Results so far are looking positive for winter wheat, although it is early days as we have seen between 5% to 10% cut so far. Currently, protein levels are higher than expected, with strong hectolitre weights being observed. Yields have suffered in parts of the country as a result of having the driest spring in 150 years, a key growing period for winter wheat. As a result of this lack of moisture, the plants would have produced fewer tillers and fewer kernels, which would explain lower yields and higher protein content.
III. Global Focus
Global wheat markets experienced fluctuations and declines from June 23rd to date, 2025. After a strong week ending June 20th, profit-taking led to a pause in upward momentum. Despite a fundamentally bearish supply outlook, geopolitical tensions, especially in the Middle East, continued to inject volatility. However, as war risks subsided, markets refocused on fundamentals: ample global supply, record South American corn crops, improving weather, and sluggish demand. This suggests wheat prices may need to be cheaper to remain competitive. Managed money funds, accounting for over 50% of open interest, contribute to volatility, with their trading activities amplifying short-term price swings.
Global wheat production for 2025/26 is largely projected to be robust, with the International Grains Council (IGC) forecasting a new peak of 806 million tonnes. This is supported by anticipated large crops in Argentina, Canada, India, and the EU. The July 11th USDA WASDE report slightly increased the 2025/26 global wheat production forecast to 808.6 million tonnes.
However, global ending stocks present a more nuanced picture. The USDA's June 2025 WASDE report indicated a reduction to 262.8 million tonnes , and the July 11th report further lowered it to 261.5 million, mainly due to reductions for Canada and the EU. This suggests that while production is high, consumption and trade are also robust, preventing significant accumulation of reserves.

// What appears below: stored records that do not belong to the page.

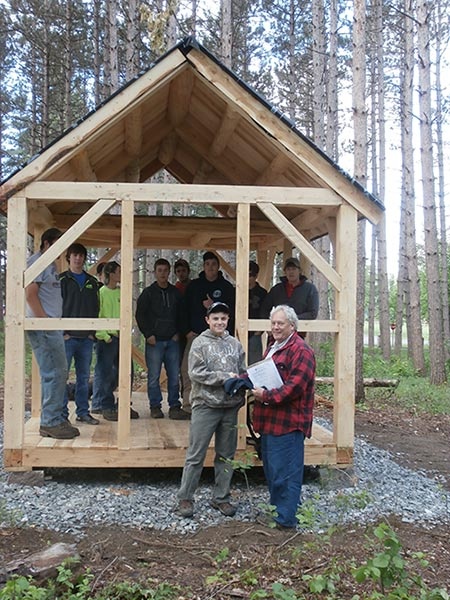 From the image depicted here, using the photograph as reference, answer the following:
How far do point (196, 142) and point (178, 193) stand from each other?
85.3 inches

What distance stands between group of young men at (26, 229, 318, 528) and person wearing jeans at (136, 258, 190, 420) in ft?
0.04

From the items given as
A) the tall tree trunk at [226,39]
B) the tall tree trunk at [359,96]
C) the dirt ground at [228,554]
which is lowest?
the dirt ground at [228,554]

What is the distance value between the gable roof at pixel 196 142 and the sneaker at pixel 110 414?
259cm

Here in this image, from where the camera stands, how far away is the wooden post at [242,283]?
232 inches

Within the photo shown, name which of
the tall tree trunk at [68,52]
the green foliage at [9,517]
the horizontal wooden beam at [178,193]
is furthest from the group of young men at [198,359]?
the tall tree trunk at [68,52]

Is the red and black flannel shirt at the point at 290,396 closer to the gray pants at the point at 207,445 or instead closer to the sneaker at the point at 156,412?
the gray pants at the point at 207,445

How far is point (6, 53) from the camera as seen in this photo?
2050cm

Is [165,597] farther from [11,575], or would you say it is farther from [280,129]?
[280,129]

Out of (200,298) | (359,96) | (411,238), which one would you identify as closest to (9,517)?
(200,298)

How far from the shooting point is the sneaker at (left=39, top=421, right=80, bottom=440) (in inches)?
240

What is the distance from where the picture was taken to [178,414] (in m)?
7.35

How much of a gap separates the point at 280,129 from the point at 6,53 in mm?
18047

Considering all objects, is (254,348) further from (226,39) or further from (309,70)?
(309,70)

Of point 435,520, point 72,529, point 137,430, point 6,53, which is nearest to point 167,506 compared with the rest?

Regional forecasts show variations: the EU is poised for a strong recovery (130.7-143.1 MMT) , Russia's production is forecast at 83-90 MMT , and Ukraine's at 23-23.68 MMT. US winter wheat production is up 2% , while Australia's wheat production is forecast to fall by 10% to 30.6 MMT due to low soil moisture. India expects a record crop. Flour customers needing specific qualities should look beyond aggregate figures, as localized issues could lead to tighter supply and premiums for certain types.